So begins one of the cleverest, quippiest, nail-bitingest murder mysteries in the sf canon, a novel in the mind-bending existential tradition of John Varley's "Barbie Murders" and "Overdrawn at the Memory Bank" and my own debut novel Down and Out in the Magic Kingdom, in which the murder victim is reanimated and joins in the search for their murderer — but with an important and clever twist: one of the murder victims is also the murderer, and doesn't know it.
Lafferty cut her teeth writing serialized novels for podcast distribution, and the skills she developed for the form serve her well in mystery writing.

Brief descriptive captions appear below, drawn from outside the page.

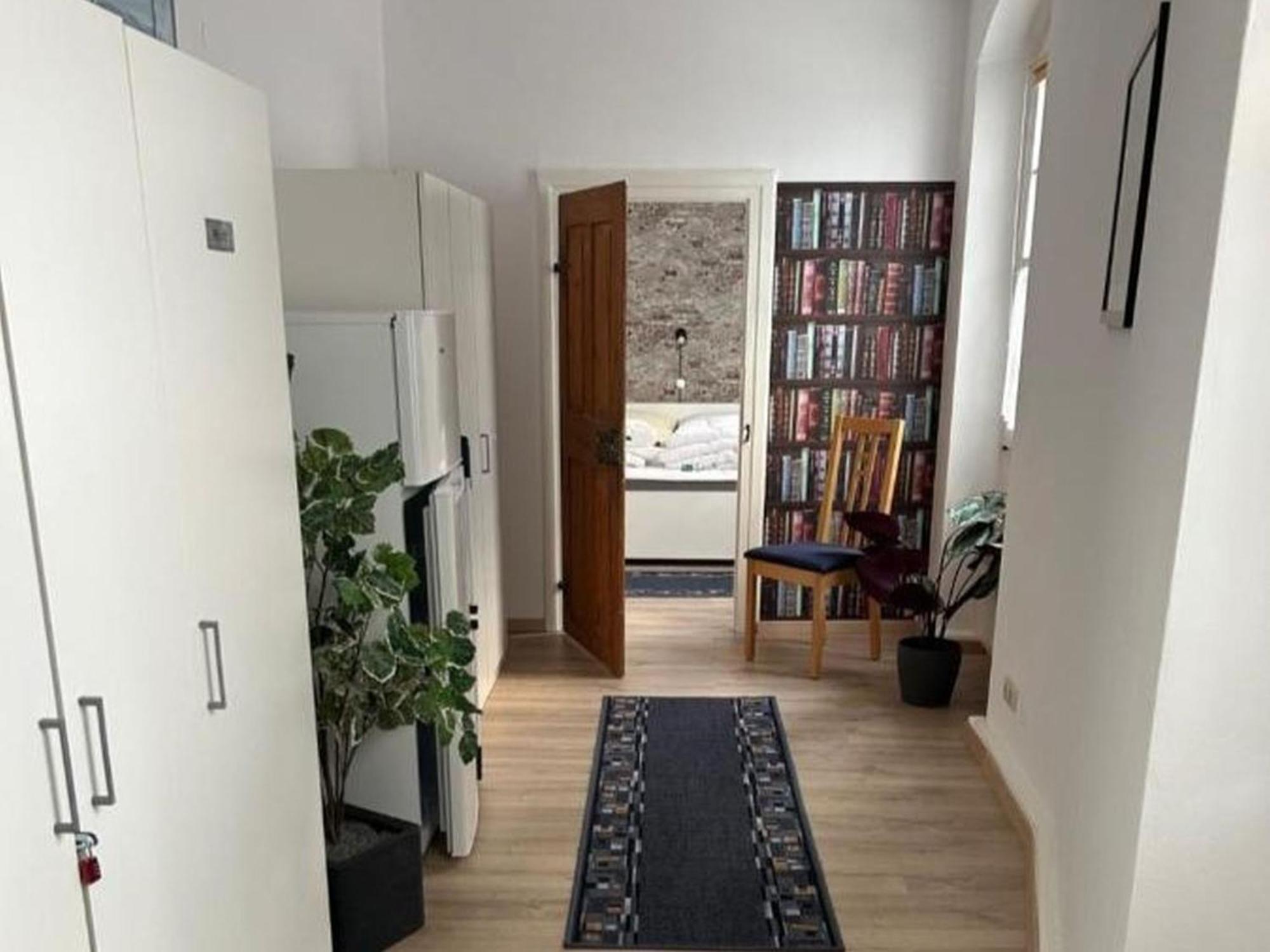 Ferienwohnung Am Theaterplatz Meißen Exterior foto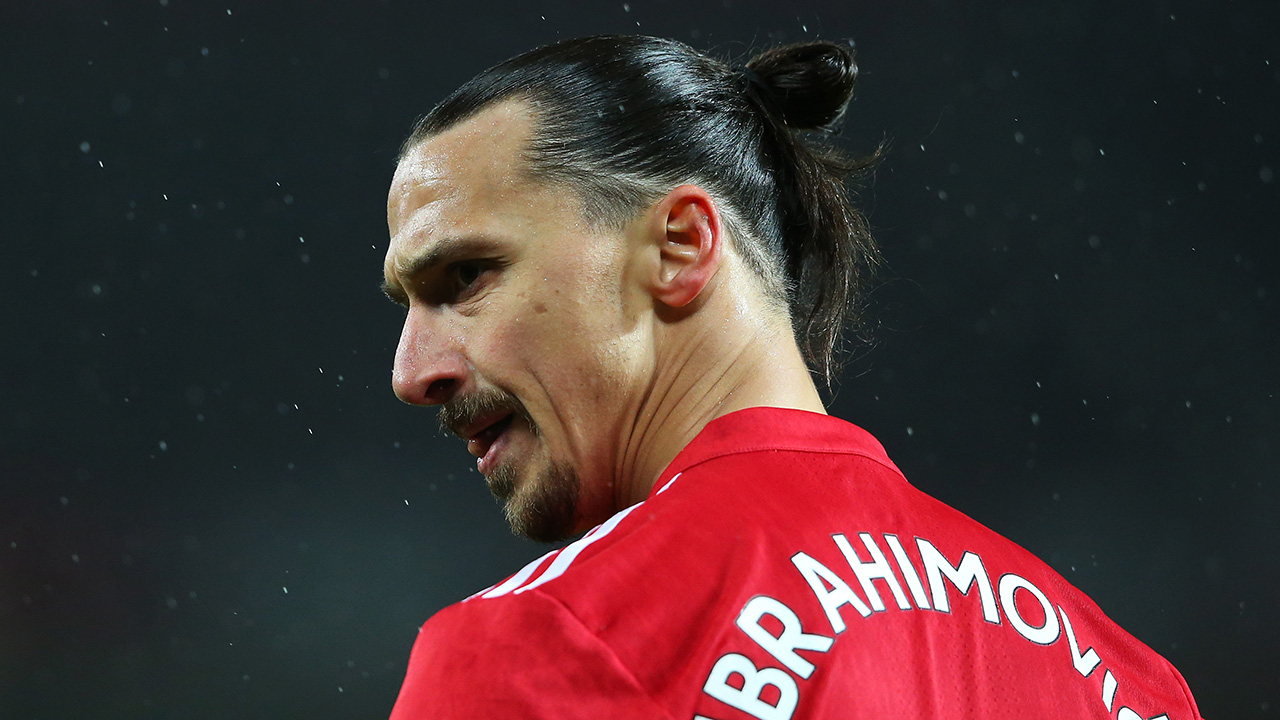Ibrahimovic critica Classe de 1992 do Manchester United, e Giggs rebate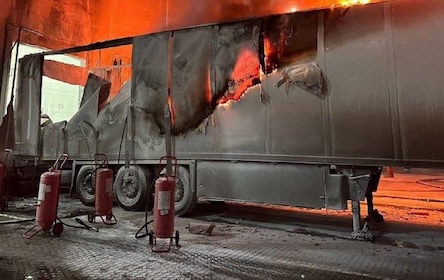 Свежие новости: Атака агресора по Одесі: через удар рф знищено посилки «Нової пошти» на 2,3 млн гривень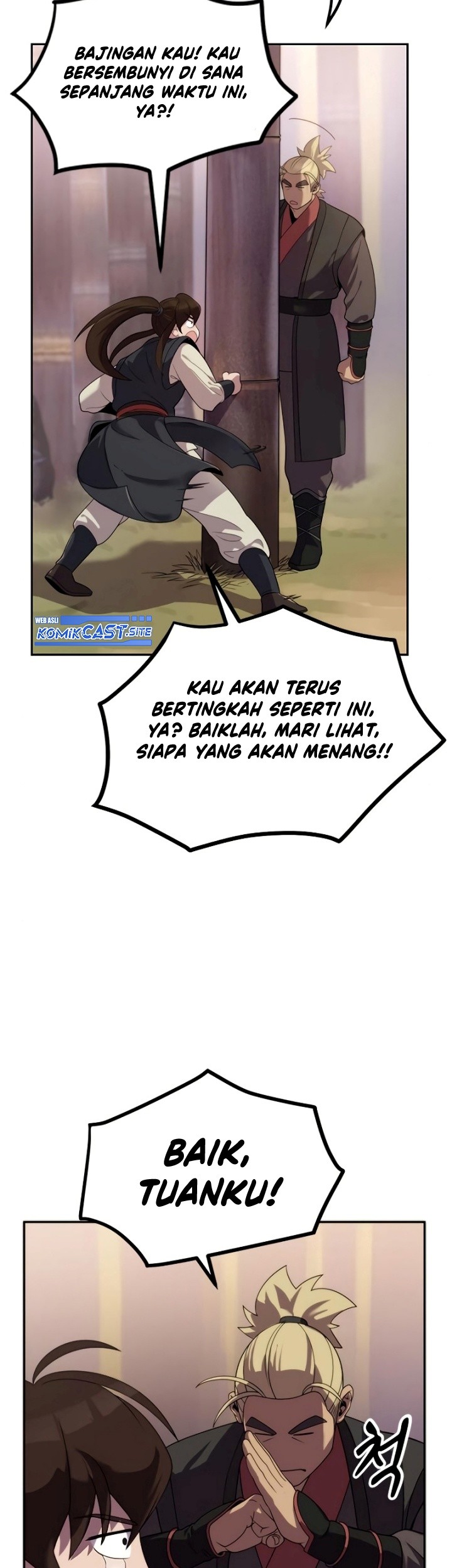 Chronicles of the Demon Faction Chapter 9 - halaman 88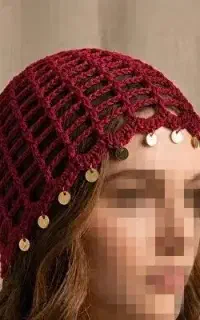 یه کلاه نیست یه تکه از استایل خاصته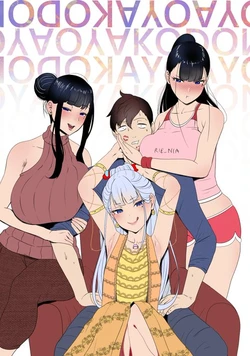 [kmvt] 3 generations oyakodon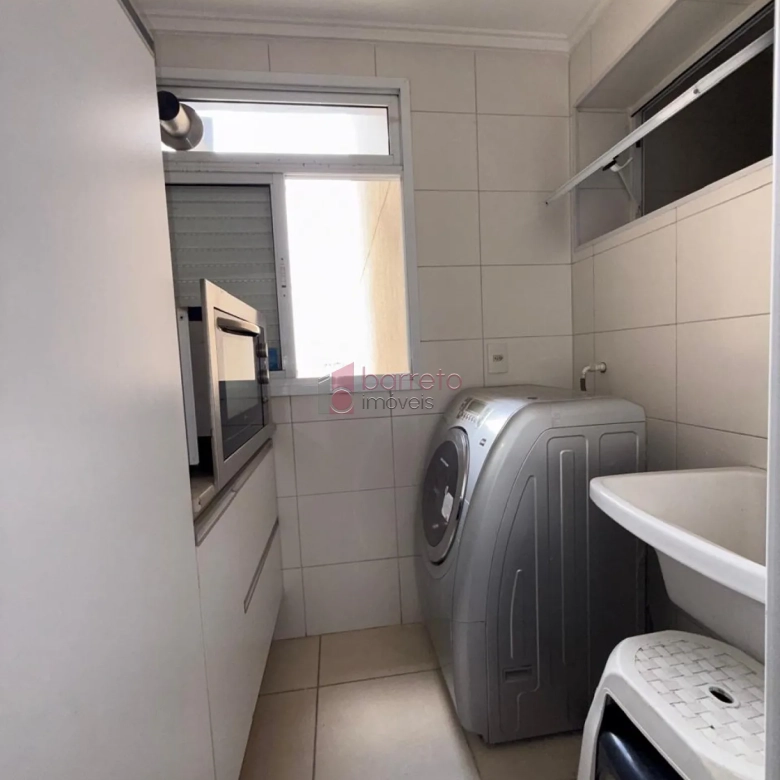 APARTAMENTO MOBILIADO PARA LOCAÇÃO E VENDA NO CONDOMÍNIO PIAZZA MESSINA – JUNDIAÍ/SP
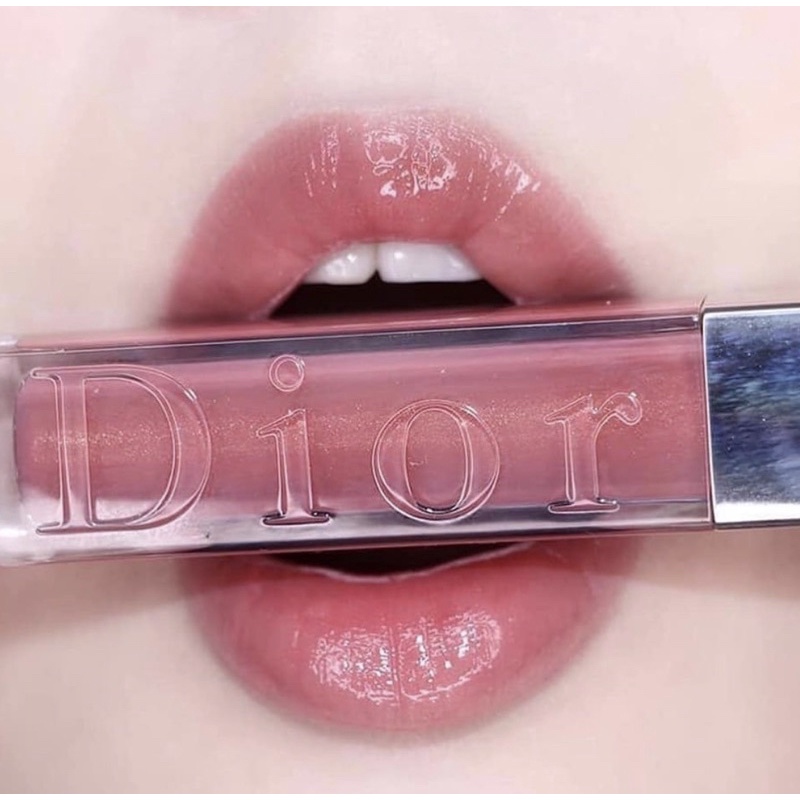 Son kem dưỡng có màu Dior Lip maximizer fullsize unbox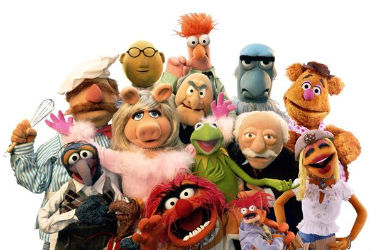 Muppeti su puni zvijezda - Animirani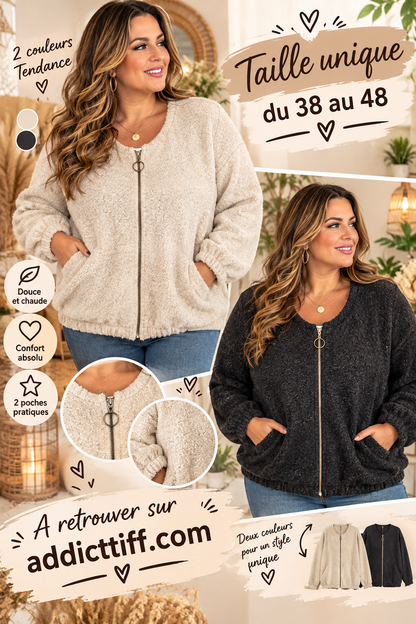 Bombers en laine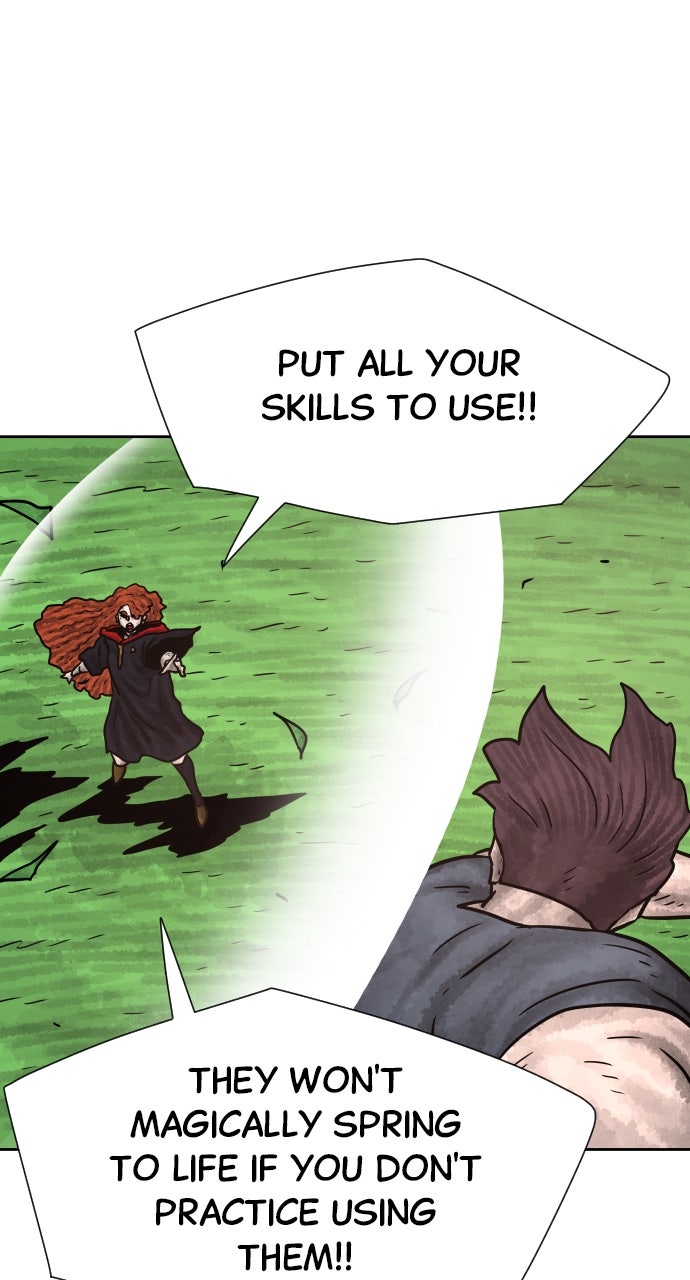 Read Warrior Executioner EN Manga Online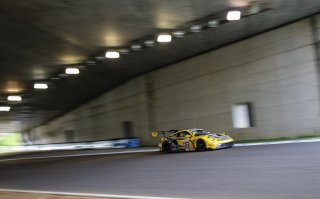 72	HUBAUTO RACING	Morris Chen	Alvaro Parente	Porsche 911 GT3 R (992) | SRO Motorsports Group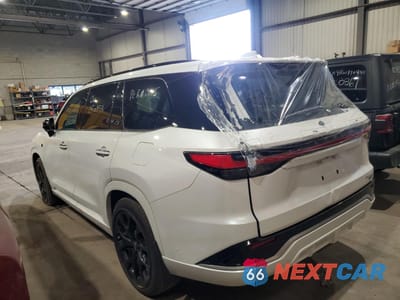 Drugie zdjęcie samochodu z przodu: 2024 LEXUS TX 500H F SPORT PREMIUM VIN:5TDABAB60RS005604 - miniatura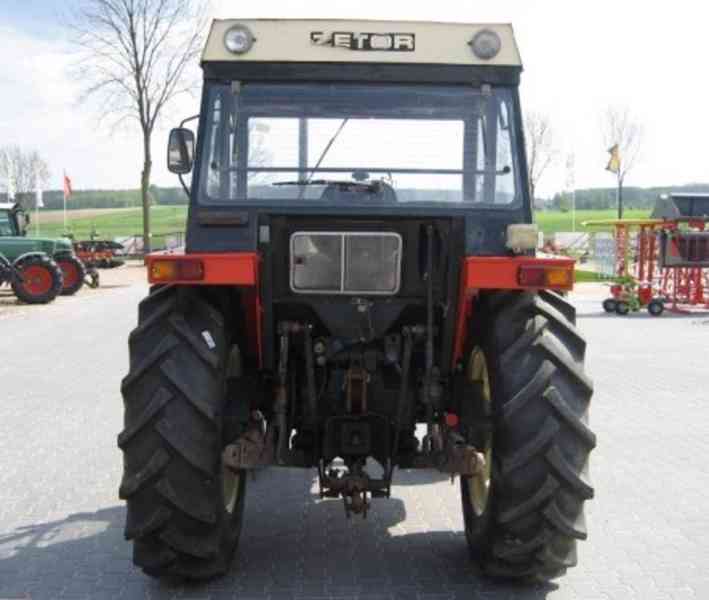 Zetor 7245 - foto 2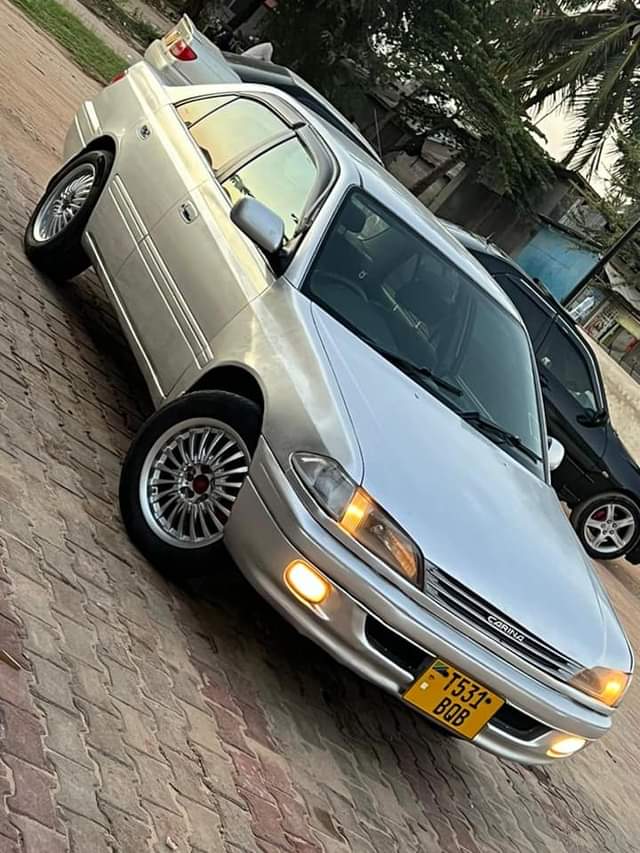 A picture of Toyota Carina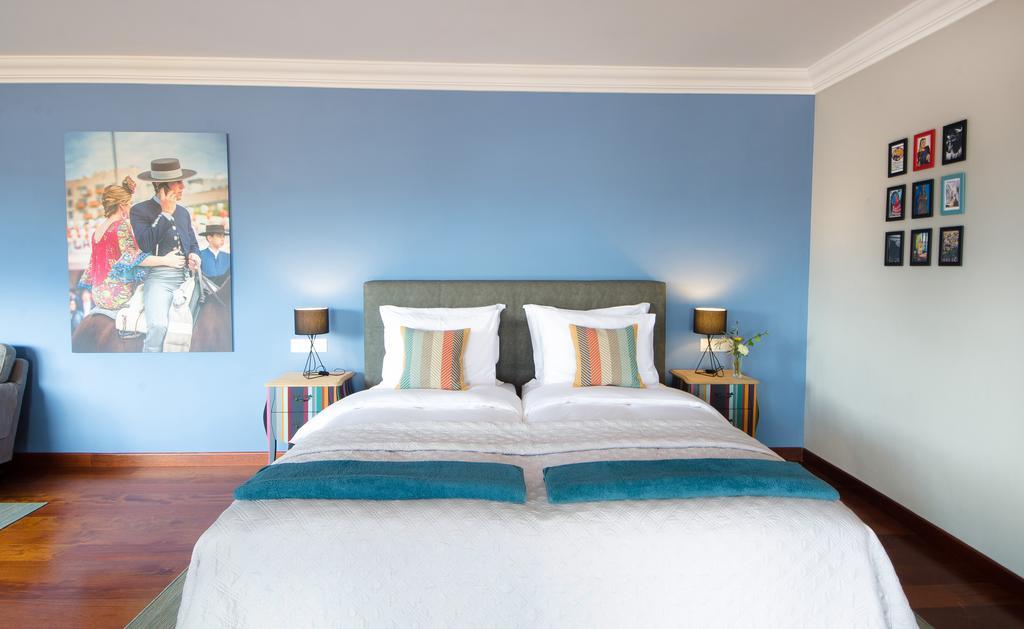 Villa Conmigo Bed & Breakfast Alhaurín de la Torre Eksteriør billede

Her characters have the zippy, quippy dialog of radio drama, and her structure capitalizes on every opportunity for dramatic tension and cliff-hangers, and these two strengths are a powerful boiler pulling the story's crazy-train.
As the story unfolds, we are exposed to enough of each character's backstory to form an opinion about whether they are the murderer — and we're simultaneously asked to ponder the social dislocation that cloning-based immortality could give rise to — but there's never any certainty, with the reader guessing furiously right up to the climax.
In the meantime, Lafferty pulls all kinds of smart mystery-plotting moves, including finding clever ways to create real risks for the characters, even after establishing that they can theoretically be restored to life if worse comes to worst.
This is a great book with so much going for it: clever structure, wonderful characters, and a fiendishly clever puzzle that you'll roll over in your mind for months after you close the covers.